Ce jeudi 2 novembre, des éclats de voix ricochent sur les murs décrépits des hauts bâtiments de la cité jardin Tony Garnier, dans le quartier des États-Unis (Lyon 8e). Une cinquantaine de personnes est massée à l’entrée de l’un d’entre eux. Des personnes âgées qui habitent le quartier depuis plus de vingt ans, des familles qui ont emmené leurs enfants avec elles, des jeunes femmes élégantes aux yeux dissimulés par de larges lunettes de soleil… Toutes et tous ont comme point commun d’être locataires de Grand Lyon Habitat, le bailleur social qui détient la majeure partie des immeubles du quartier des États-Unis.

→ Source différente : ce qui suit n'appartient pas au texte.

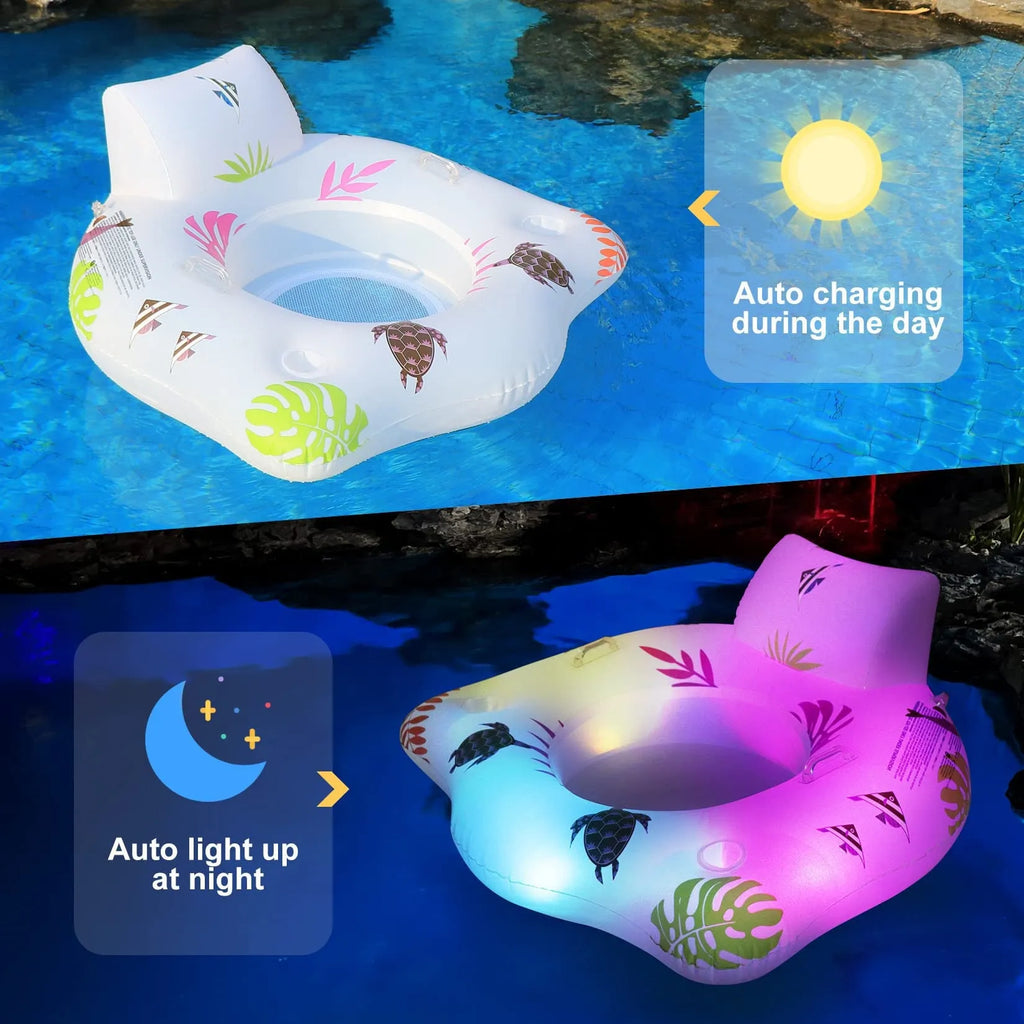White U-shaped inflatable pool float with LED lights illuminated on water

S’ils se sont réunis à cet endroit précis, c’est que c’est là que se trouve une des agences de secteur de Grand Lyon Habitat. En mocassin et costume usé, un vieux monsieur agite furieusement la cause de cette mobilisation : le courrier postal que ces locataires ont toutes et tous reçus dans leur boîte aux lettres, annonçant une régularisation de plusieurs centaines d’euros de charges. Ce mercredi, ils sont venus demander des comptes à leur bailleur, pour des charges qu’ils jugent abusives.

Devant l'agence de proximité des Etats-Unis de Grand Lyon Habitat, à Lyon 8e. ©OM/Rue89Lyon
Devant l’agence de proximité des États-Unis de Grand Lyon Habitat, à Lyon 8e.Photo : OM/Rue89Lyon

Plusieurs centaines d’euros réclamées aux locataires des États-Unis

« D’habitude, ils nous rendent de l’argent. Cette année, on a reçu dans nos boîtes à lettres des régularisations de charges sans explication. C’est du vol ! »

Armande est locataire d’une barre d’immeubles de la rue Tavernier depuis 2012. Sur le courrier qu’elle sort d’une pochette bien ordonnée, on peut lire que le bailleur social lui réclame précisément 117,76 euros. Sans plus d’explication. 

Un vieil homme édenté, locataire depuis 1989, explique difficilement qu’on lui réclame 160 euros. « C’est la première fois en plus de trente ans », s’indigne-t-il. À côté, un quinquagénaire en parka rouge et sa voisine comparent leurs courriers sans comprendre : on leur réclame 280 euros chacun alors qu’elle a un deux-pièces et lui plus de 100 mètres carrés. Certaines familles parlent de plus de 500 euros.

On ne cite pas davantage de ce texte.